----- RECORDS SUPPLIED -----

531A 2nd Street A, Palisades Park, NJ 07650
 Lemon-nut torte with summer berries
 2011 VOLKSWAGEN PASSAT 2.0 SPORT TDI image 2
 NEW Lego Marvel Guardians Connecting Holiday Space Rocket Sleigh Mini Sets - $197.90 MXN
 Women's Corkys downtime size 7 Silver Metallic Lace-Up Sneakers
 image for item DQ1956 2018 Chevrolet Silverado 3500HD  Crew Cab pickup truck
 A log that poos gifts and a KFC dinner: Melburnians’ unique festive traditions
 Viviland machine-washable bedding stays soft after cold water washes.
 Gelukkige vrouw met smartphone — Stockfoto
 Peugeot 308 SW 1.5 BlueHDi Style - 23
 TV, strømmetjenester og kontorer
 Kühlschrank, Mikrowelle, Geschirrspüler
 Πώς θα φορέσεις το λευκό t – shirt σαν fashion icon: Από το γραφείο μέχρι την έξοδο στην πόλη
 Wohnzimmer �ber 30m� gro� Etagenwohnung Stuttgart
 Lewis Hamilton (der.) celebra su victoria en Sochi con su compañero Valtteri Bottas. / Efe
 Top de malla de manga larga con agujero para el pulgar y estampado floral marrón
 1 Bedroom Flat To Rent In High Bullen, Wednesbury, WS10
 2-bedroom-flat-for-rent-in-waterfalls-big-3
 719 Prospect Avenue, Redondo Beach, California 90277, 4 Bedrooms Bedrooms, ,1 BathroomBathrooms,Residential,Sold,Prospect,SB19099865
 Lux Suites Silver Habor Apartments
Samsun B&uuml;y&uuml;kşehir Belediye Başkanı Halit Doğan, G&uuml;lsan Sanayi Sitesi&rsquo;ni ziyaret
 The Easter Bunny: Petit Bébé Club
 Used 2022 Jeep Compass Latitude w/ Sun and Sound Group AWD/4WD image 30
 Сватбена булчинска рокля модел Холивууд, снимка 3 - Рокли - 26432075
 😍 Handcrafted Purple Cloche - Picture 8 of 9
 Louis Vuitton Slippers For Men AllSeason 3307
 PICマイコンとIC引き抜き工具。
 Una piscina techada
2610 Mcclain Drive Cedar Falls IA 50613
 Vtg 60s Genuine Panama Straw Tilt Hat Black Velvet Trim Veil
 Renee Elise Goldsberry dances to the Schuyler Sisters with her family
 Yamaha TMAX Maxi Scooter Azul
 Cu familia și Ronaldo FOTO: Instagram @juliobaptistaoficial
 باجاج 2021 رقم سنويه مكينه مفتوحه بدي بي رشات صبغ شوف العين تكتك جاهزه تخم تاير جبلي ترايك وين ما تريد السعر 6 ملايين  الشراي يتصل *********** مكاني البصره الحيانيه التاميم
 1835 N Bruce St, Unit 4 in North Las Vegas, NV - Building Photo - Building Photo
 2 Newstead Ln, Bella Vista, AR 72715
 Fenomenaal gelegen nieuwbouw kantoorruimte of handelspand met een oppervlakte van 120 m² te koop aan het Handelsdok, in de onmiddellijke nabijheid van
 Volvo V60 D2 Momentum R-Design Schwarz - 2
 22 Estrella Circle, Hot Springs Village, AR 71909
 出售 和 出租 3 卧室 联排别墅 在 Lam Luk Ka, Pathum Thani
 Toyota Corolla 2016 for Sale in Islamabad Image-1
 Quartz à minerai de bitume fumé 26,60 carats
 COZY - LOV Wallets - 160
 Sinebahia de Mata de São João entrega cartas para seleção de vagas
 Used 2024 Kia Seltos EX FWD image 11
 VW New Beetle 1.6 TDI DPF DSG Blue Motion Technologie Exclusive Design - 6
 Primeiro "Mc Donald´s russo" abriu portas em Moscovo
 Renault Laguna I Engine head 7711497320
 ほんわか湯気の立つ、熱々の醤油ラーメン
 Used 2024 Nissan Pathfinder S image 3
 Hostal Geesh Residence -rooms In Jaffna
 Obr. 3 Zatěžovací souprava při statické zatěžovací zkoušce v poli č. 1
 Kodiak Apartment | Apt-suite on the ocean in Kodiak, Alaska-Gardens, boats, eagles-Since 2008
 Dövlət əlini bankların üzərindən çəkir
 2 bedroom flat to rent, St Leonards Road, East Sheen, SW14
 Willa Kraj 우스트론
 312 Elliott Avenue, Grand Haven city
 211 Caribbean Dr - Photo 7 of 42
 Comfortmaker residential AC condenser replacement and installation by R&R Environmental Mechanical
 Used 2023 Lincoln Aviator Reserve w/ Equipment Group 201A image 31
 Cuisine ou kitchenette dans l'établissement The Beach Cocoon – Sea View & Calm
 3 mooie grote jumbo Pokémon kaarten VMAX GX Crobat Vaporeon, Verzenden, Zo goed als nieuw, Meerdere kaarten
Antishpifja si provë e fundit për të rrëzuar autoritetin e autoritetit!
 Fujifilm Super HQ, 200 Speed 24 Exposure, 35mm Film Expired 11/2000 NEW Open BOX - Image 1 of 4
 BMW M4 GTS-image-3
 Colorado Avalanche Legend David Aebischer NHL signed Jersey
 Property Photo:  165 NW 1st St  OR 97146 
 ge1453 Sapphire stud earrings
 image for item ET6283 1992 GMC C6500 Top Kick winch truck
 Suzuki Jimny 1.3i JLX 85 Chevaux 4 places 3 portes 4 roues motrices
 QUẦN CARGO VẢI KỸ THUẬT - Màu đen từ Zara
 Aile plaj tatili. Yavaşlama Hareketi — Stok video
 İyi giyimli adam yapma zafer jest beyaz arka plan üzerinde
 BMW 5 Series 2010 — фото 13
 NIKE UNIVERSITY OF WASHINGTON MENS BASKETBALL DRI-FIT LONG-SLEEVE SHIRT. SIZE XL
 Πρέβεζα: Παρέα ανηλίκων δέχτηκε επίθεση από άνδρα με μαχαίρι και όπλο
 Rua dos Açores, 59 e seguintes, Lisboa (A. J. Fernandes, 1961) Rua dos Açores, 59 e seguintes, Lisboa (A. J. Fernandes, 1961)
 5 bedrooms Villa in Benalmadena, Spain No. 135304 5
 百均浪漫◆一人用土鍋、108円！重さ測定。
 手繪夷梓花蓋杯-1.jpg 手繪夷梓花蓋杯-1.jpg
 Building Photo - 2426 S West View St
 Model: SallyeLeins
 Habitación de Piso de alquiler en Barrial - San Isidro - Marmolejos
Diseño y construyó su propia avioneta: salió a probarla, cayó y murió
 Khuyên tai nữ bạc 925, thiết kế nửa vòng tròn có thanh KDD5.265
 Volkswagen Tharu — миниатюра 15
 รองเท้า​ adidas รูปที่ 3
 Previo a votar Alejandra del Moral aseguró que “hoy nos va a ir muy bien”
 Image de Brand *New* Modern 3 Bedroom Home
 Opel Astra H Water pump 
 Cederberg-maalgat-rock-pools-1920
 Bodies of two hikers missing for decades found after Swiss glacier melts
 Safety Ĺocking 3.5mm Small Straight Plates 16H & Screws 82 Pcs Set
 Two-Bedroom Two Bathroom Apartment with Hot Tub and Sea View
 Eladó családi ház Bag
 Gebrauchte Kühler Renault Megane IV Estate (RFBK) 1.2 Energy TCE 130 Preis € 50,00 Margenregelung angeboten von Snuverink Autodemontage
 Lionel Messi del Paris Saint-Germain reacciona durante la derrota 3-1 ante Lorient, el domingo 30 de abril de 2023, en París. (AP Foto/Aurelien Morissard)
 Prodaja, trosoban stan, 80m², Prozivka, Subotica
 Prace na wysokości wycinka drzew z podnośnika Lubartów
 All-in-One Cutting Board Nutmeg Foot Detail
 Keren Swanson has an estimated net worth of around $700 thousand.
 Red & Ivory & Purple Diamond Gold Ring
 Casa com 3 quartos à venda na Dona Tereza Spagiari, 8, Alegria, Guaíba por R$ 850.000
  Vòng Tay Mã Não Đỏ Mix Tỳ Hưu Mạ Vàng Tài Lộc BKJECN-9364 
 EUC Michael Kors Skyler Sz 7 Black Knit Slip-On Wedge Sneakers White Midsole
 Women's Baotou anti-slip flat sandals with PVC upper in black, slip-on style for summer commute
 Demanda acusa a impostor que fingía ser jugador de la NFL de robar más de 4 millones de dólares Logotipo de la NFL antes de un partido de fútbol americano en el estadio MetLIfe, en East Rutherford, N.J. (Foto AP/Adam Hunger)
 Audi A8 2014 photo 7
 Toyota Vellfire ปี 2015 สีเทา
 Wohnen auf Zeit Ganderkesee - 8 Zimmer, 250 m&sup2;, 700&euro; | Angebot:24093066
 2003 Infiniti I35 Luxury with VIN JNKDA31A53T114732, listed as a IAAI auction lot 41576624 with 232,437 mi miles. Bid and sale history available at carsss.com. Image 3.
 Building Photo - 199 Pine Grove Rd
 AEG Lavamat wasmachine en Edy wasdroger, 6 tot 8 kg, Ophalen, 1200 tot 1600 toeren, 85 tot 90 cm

-----

**YOUR OBJECTIVE**
From the records above, print exactly the lines that run from the line with "1 Bedroom Flat" to the line with "Yamaha TMAX Maxi Scooter Azul", inclusive.

**PROBLEM SOLUTION**
 1 Bedroom Flat To Rent In High Bullen, Wednesbury, WS10
 2-bedroom-flat-for-rent-in-waterfalls-big-3
 719 Prospect Avenue, Redondo Beach, California 90277, 4 Bedrooms Bedrooms, ,1 BathroomBathrooms,Residential,Sold,Prospect,SB19099865
 Lux Suites Silver Habor Apartments
Samsun B&uuml;y&uuml;kşehir Belediye Başkanı Halit Doğan, G&uuml;lsan Sanayi Sitesi&rsquo;ni ziyaret
 The Easter Bunny: Petit Bébé Club
 Used 2022 Jeep Compass Latitude w/ Sun and Sound Group AWD/4WD image 30
 Сватбена булчинска рокля модел Холивууд, снимка 3 - Рокли - 26432075
 😍 Handcrafted Purple Cloche - Picture 8 of 9
 Louis Vuitton Slippers For Men AllSeason 3307
 PICマイコンとIC引き抜き工具。
 Una piscina techada
2610 Mcclain Drive Cedar Falls IA 50613
 Vtg 60s Genuine Panama Straw Tilt Hat Black Velvet Trim Veil
 Renee Elise Goldsberry dances to the Schuyler Sisters with her family
 Yamaha TMAX Maxi Scooter Azul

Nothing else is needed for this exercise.